R - La part de l'Afrique va être importante dans ce nouveau dispositif, et je suis heureux d'en parler aux côtés de Gildas Le Lidec, le premier et tout nouveau délégué à l'action humanitaire, qui arrive de Kinshasa, en RDC. L'Afrique va en effet, garder une place importante, parce que malheureusement, c'est ce continent qui, actuellement encore, compte le plus grand nombre de conflits. C'est certainement l'Afrique qui a le plus grand nombre de populations déplacées, actuellement dans des camps de réfugiés. Donc, oui l'Afrique va être certainement le continent dont cette délégation va avoir le plus à s'occuper".
Q - Quelles sont les réactions du ministre de la Coopération face aux scandales qui ont été récemment liés à l'action humanitaire, notamment en Afrique, concernant aussi bien les ONG que le HCR ?

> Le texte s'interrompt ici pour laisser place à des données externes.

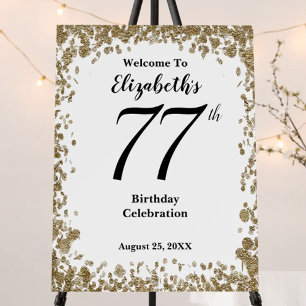Elegant 77th Birthday Welcome Sign Gold Sequins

R - Je suis évidemment consterné par ces agissements totalement aberrants dans la relation entre les réfugiés et ceux qui sont en charge de les soulager, et qui, au lieu de les aider, aggravent encore leurs souffrances. C'est au HCR en l'occurrence, et à tous les acteurs de l'action humanitaire, à être attentifs à la relation qui peut exister dans un espace fermé comme l'est toujours un camp de réfugiés, entre la population appelée à être secourue et les personnes qui sont auprès d'elle. J'espère bien que le HCR va prendre des dispositions pour condamner les coupables et éviter que ce genre de situation ne se reproduise.